CF/88, ART. 150, INC. VI, ALÍNEA D. Hoje, o livro ainda é conhecido por
ser impresso e ter como suporte material o papel. Rapidamente, porém, o
suporte material vem sendo substituído por componentes eletrônicos,
cada vez mais sofisticados, de modo que, em breve, o papel será tão
primitivo, quanto são hoje a pele de animal, a madeira e a pedra. A imunidade,
assim, não se limita ao livro como objeto, mas transcende a sua
materialidade, atingindo o próprio valor imanente ao seu conceito. A
Constituição não tornou imune a impostos o livro-objeto, mas o
livro-valor. E o valor do livro está justamente em ser um instrumento do
saber, do ensino, da cultura, da pesquisa, da divulgação de idéias e
difusão de ideais, e meio de manifestação do pensamento e da própria
personalidade do ser humano. É por tudo isso que representa, que o livro
está imune a impostos, e não porque apresenta o formato de algumas
centenas de folhas impressas e encadernadas. Diante disso, qualquer
suporte físico, não importa a aparência que tenha, desde que revele os
valores que são imanentes ao livro, é livro, e como livro, estará imune a
impostos, por força do art. 150, VI, d, da Constituição. O denominado
quickitionary, embora não se apresente no formato tradicional do livro,
tem conteúdo de livro e desempenha exclusivamente a função de um livro.

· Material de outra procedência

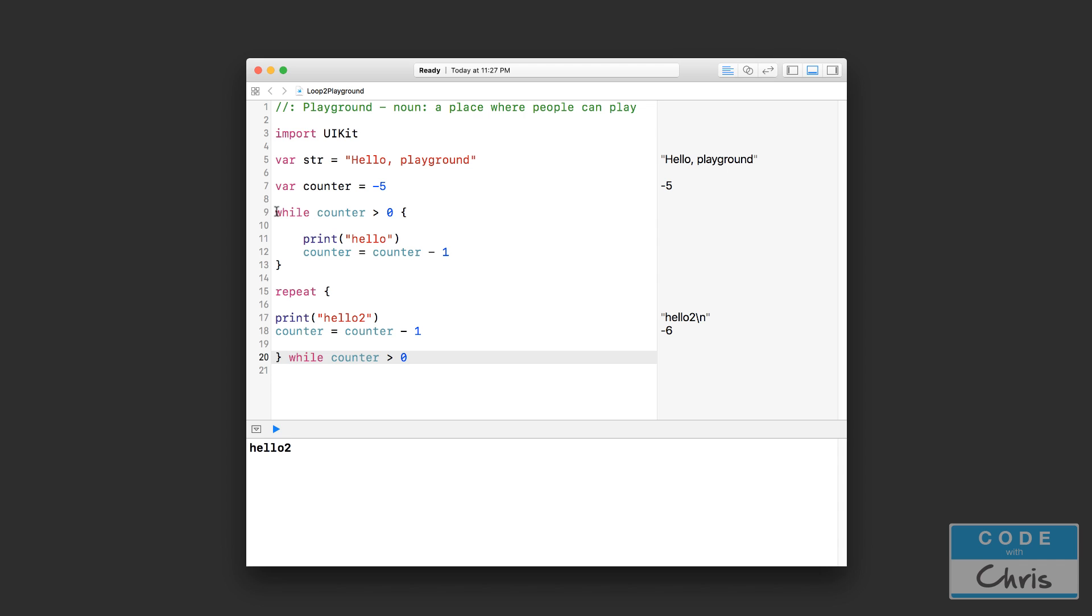Right, whereas this while loop, it checks the condition first and it realizes this condition is not true and it won't print at all. So that's the main difference between the two types of loops. Both types of loops will repeat a chunk of code until a certain condition is false, except that the while loop checks first and the repeat-while loop checks the condition after repeating once.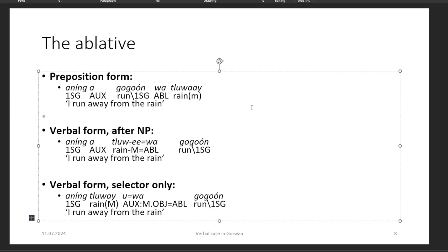Then the ablative. Same deal: anink agogo and walt alway, 'I run away from the rain' — subject, verbal complex, preposition, noun. For the verbal complex internal forms, we have anink agogo. When nouns are inside the verbal complex they tend to take a construct suffix, which is why this is e and not i, though there is some variation. And again, the verbal form cliticized to only the selector: anink kowai uwa agogo. All of these mean 'I run away from the rain.'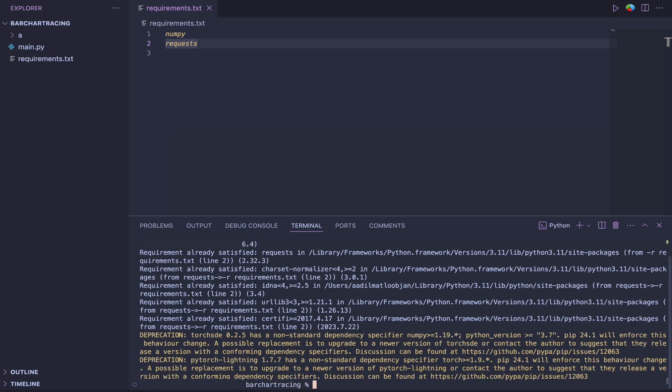You can see now everything will get installed. In my case, all the requirements were already satisfied. That's why you didn't see anything installing. But in your case, everything that is missing will be installed. So this is how you install requirements.txt file.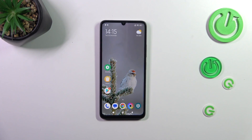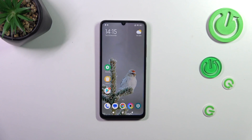Hi everyone. In front of me I've got the Poco C55, and let me show you how to change the screen timeout on this device.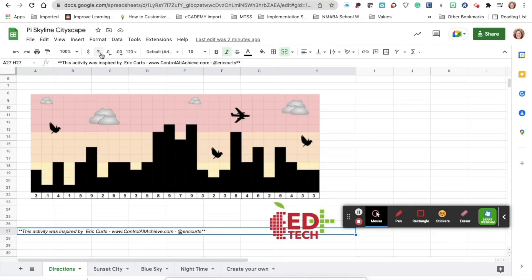Happy Pi Day! Today I have sheets and you're going to create a cityscape with the first 26 digits of Pi. We've opened the Pi Skyline Cityscape sheet.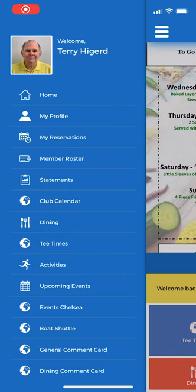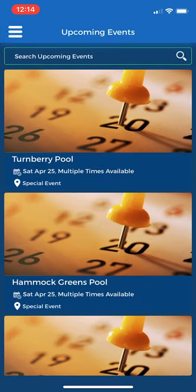To make a pool reservation using the mobile app, on the home screen, select upcoming events. This will bring up a listing of all of the pool events by date and location.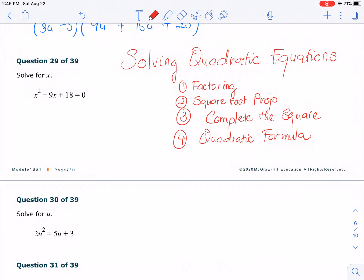Let's try to solve quadratic equations. When solving quadratic equations, you have four different methods. You can always factor. You can take the square root properties, you can complete the square, or you can use the quadratic formula. The first one is the easiest one — factoring — but the problem has to be factorable. The second one requires a perfect square.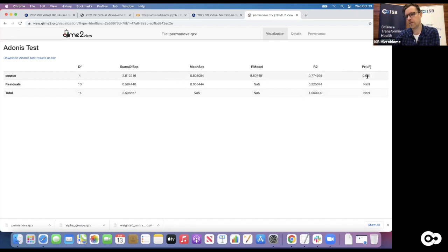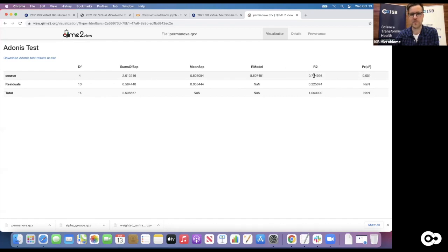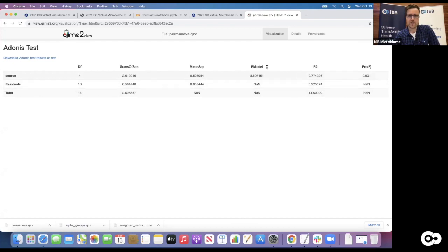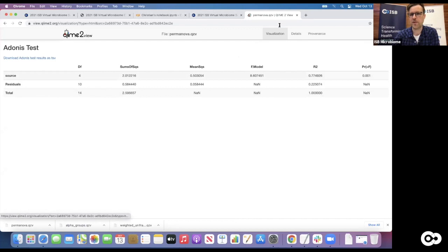The p-value here is the permutation p-value - it cannot be smaller than 0.001 in this case because we only ran 1000 permutations, so in the best case our F value was larger than all of those, giving that minimum p-value. This would be very significant. So most of the inter-sample distances are indeed explained by the source they came from - that drives those distances. About 22 percent of the variance in the beta diversity matrix is not explained by source, driven by other factors. That gives you a hard statistical test confirming the obvious separation we saw in the projection.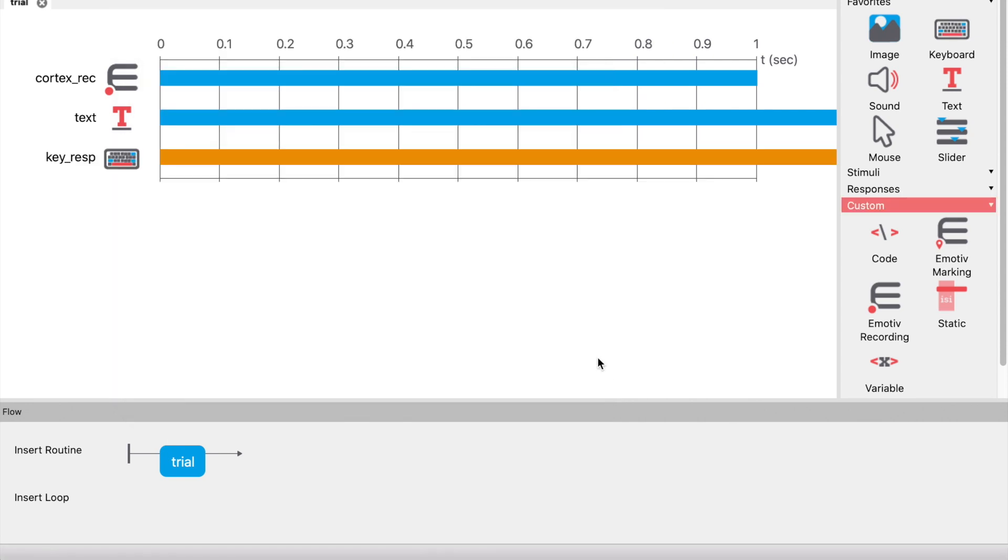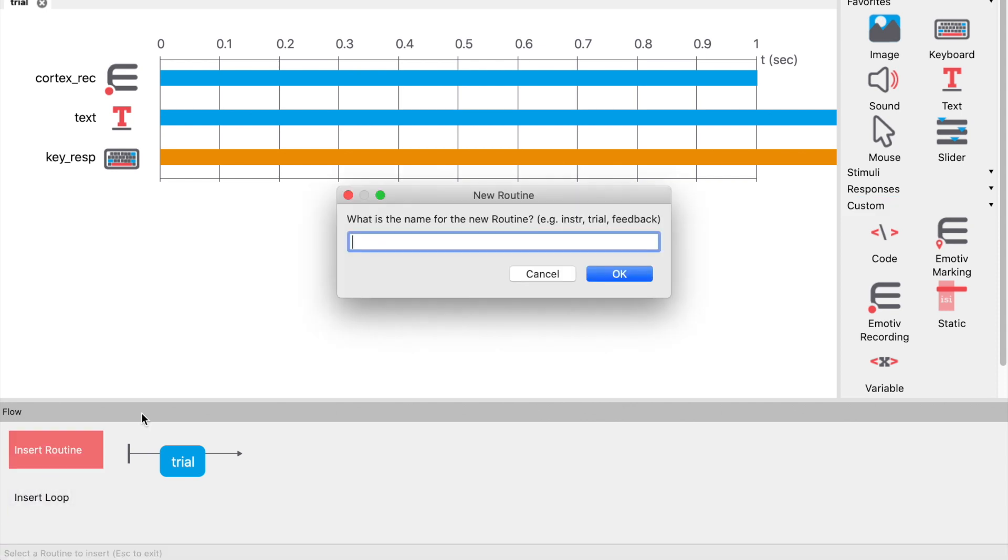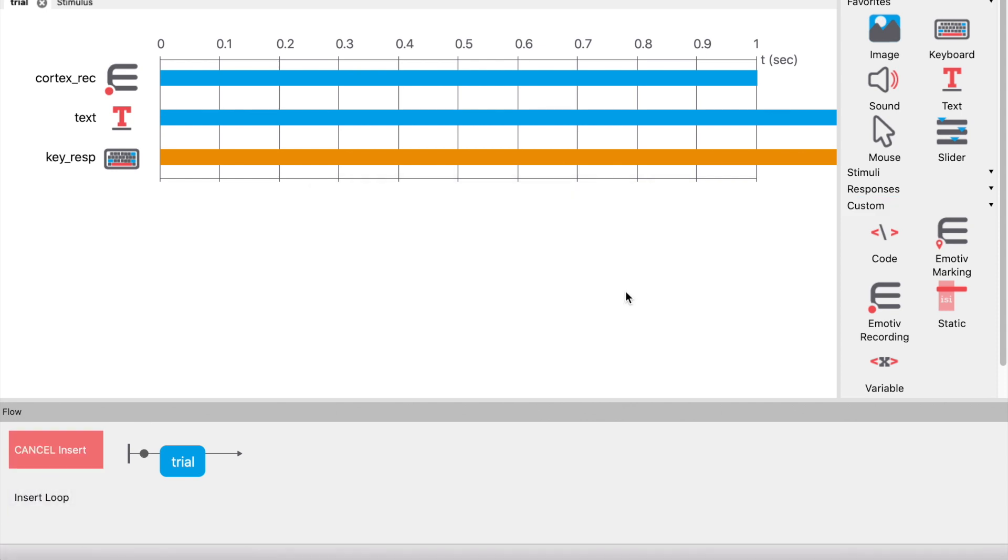Now add a new routine. Let's call it stimulus. This routine will present the stimuli and mark the data.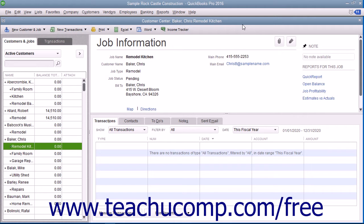If a customer accepts an estimate, you can create an invoice from the estimate, changing it as needed. QuickBooks allows you to create invoices from estimates either by transferring the entire amount over to an invoice, or by billing only a portion or percentage of the estimated amount out over several invoices.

Não há razão alguma para que seja excluído da imunidade
que a Constituição reserva para o livro, pois tudo que desempenha a
função de livro, afastados os preconceitos, só pode ser livro.” (Apelação
em Mandado de Segurança nº 200070000023385 do Tribunal Regional Federal
da 4ª Região. Publicado no DJ de 03.10.2001, página 727)
Posição contrária
Mas, apesar da jurisprudência de diversos Tribunais
privilegiarem o entendimento da extensão da imunidade tributária aos
livros eletrônicos, cabe mencionar que em decisão no Recurso
Extraordinário 330.817 (Dje – 040, publicado em 05/03/2010) o Ministro
Dias Toffoli do Supremo Tribunal Federal entendeu que a imunidade
tributária dos livros em papel não é extensiva aos livros em formato
eletrônico.
Em seu voto o Ministro Dias Toffoli conheceu do recurso
extraordinário e lhe deu provimento para denegar a segurança, com base
nos argumentos de que “a jurisprudência da Corte é no sentido de que a
imunidade prevista no artigo 150, inciso VI, alínea “d”, da Constituição
Federal, conferida a livros, jornais e periódicos, não abrange outros
insumos que não os compreendidos na acepção da expressão “papel
destinado a sua impressão”, citando, ainda, outros precedentes da Corte
para fundamentar sua tese com a mesma linha de raciocínio, conforme se
vê em sua decisão: “Tributário. Imunidade conferida pelo art. 150, VI,
“d” da Constituição. Impossibilidade de ser estendida a outros insumos
não compreendidos no significado da expressão ‘papel destinado à sua
impressão’. Precedentes do Tribunal”.
Esta decisão já foi objeto de nossos comentários[4], onde expusemos nosso pensamento nos seguintes termos:
“Porém, com o devido respeito à decisão do Ministro Dias Toffoli do
STF, acredito que o tema deve ser um pouco mais debatido, principalmente
pelo fato da sociedade estar vivendo uma verdadeira revolução do
conhecimento através de diversas ferramentas digitais e, negar a
extensão da imunidade tributária aos livros no formato eletrônico
contraria a tese que amplia e facilita a difusão das informações,
conhecimento e cultura, garantindo a liberdade da comunicação e do
pensamento. Acredito ainda que ao se analisar essa matéria, é mais
importante considerar-se a questão da liberdade e da propagação do
conhecimento, ao invés de ficar-se restrito ao meio físico em que essa
informação está inserida.”
A questão da imunidade tributária dos livros eletrônicos deve ser
analisada de forma mais ampla e entendida em seu sentido finalístico,
garantindo a manifestação do pensamento, da cultura e da educação.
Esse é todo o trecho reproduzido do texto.